_TASK:_ A faithful copy of the data is what is wanted, minus any pictures.

_RAW DATA:_
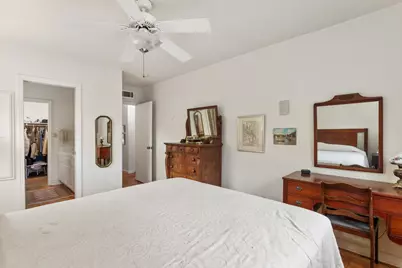 4651 Crestwood Way, Sacramento, CA 95822 - Photo 17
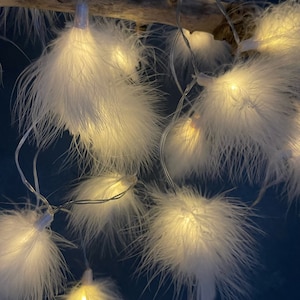 Lucine con soffici piume, decorazione perfetta per camerette e camerette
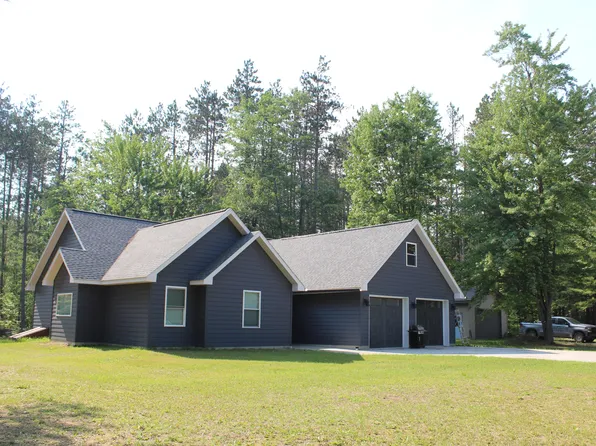 1105 Lone Pine Dr, Fairview, MI 48621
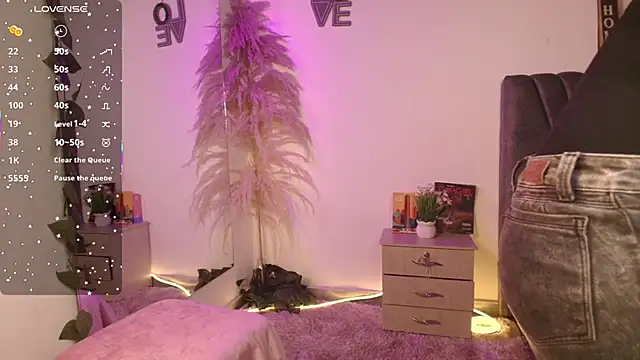 miaoconell Adlı Modelin Canlı XXX Sohbeti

_EXERCISE OUTPUT:_
 4651 Crestwood Way, Sacramento, CA 95822 - Photo 17
 Lucine con soffici piume, decorazione perfetta per camerette e camerette
 1105 Lone Pine Dr, Fairview, MI 48621
 miaoconell Adlı Modelin Canlı XXX Sohbeti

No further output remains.